Machine Learning for Humpback Whale Social Call Classification: 2016 REU
Bioacoustics lies in the intersection of biology and acoustics – it is the study of wildlife and ecosystems through an analysis of the acoustic environment. On a broad scale, audio recordings can inform scientists about the species present in a region as well as about their abundance, which is very valuable for conservation efforts. On a closer look, it may allow scientists to study specific individuals, and even the different types of calls and sounds that individuals produce. This is a very general approach, which can be done noninvasively and on a low budget, and bioacoustic methods have been used to study a large variety of animals, ranging from insects, to songbirds, to elephants, to whales. Furthermore, since acoustics gives a window into environments that are otherwise difficult to examine – such as the ocean – marine mammal bioacoustics is especially prominent in current-day research.
Our project during the 2016 summer REU program focused on humpback whale social calls. Our collaborators at the Thode Underwater Acoustics Lab at Scripps Institute of Oceanography have deployed hydrophones on humpback whales near Las Cabos, Mexico, to study the social structure and communication patterns of the whale population.
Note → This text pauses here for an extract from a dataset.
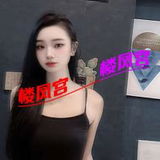 绍兴喷水敏感体质骚妹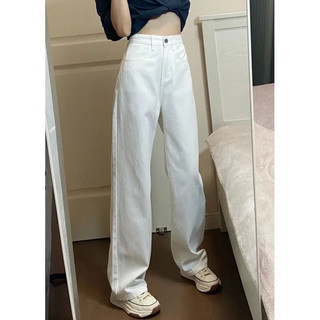 Quần jeans trắng ống suông cạp cao hack dáng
To do so, they had to manually examine hours upon hours of data, and find and label all of the present whale calls. This is a difficult, time-intensive task. Through this collaboration with Scripps, our aim is to use this data to create an algorithm for automatic detection and classification of humpback whale calls, to allow ecologists to spend less time manually annotating audio recordings.
Our research this summer involved experimenting with various methods of data processing and machine learning techniques. We started by calculating spectrograms – a visual representation of audio signals – and applied several methods to segment the foreground calls and noises. Then, we experimented with different types of feature extraction. Once we had viable features, we fed the data into a supervised classification algorithm that uses Hidden Markov Models to obtain final classification. Further work will improve these methods for segmentation and classification.
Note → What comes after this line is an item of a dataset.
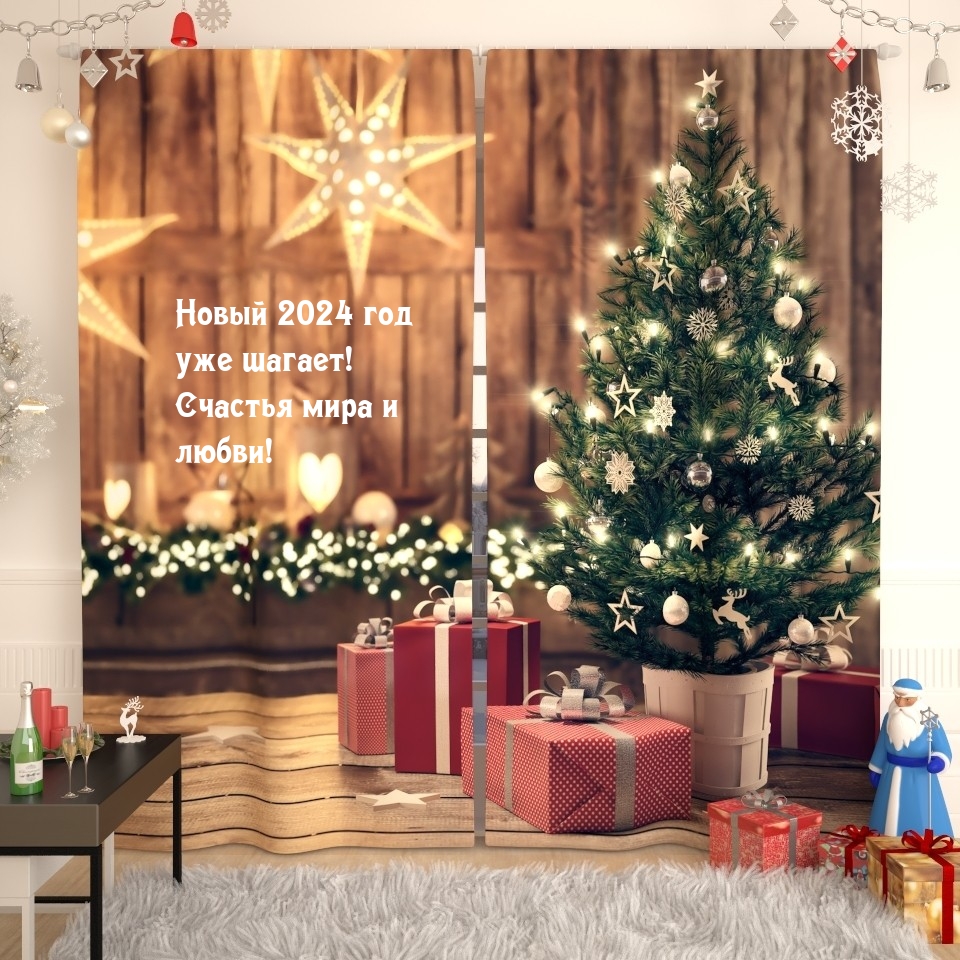Новый 2024 год уже шагает! Счастья мира и любви!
Preliminary Results from Hidden Markov Model
The results from the HMM show that it is possible to separate calls like this using HMMs and that less features showed better performance. However, to get better results a more balanced training set is needed. Non whale calls made up about 99.1% of this data.
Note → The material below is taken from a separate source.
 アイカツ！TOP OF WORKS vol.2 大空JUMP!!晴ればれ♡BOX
9 Features | 30 Features | ||||
---|---|---|---|---|---|
Overall Accuracy | 0.68 | Overall Accuracy | 0.84 | ||
Precision | Recall | Precision | Recall | ||
No Call | 0.9 | 0.73 | No Call | 0.89 | 0.91 |
Squeak | 0.29 | 0.17 | Squeak | 0.2 | 0.19 |
Low Yap | 0.14 | 0.07 | Low Yap | 0 | 0 |
Table 1: This table compares the overall accuracy of each data set given the number of features in a feature vector. It gives average precision and recall values for each class, derived from k-fold cross-validation where k=10. The HMMs involved used 2 states. The overall data distribution was 21049 no whale calls, 119 squeaks, and 62 low yaps.
Additionally, the noise across different data sets varied causing individual data sets to perform much better than the full combination. Non whale calls of this data set made up about 98.7% of this data.
9 Features | 30 Features | ||||
---|---|---|---|---|---|
Overall Accuracy | 0.72 | Overall Accuracy | 0.51 | ||
Precision | Recall | Precision | Recall | ||
No Call | 0.6 | 0.77 | No Call | 0.49 | 0.48 |
Squeak | 0.46 | 0.5 | Squeak | 0.41 | 0.48 |
Low Yap | 0.5 | 0.3 | Low Yap | 0.2 | 0.1 |
Table 2: This table compares the overall accuracy of a particular data set a given the number of features in a feature vector. It gives average precision and recall values for each class, derived from k-fold cross-validation where k=10. The HMMs involved used 2 states. The data distribution for this data set was 3692 non whale calls, 29 squeaks, and 19 low yaps.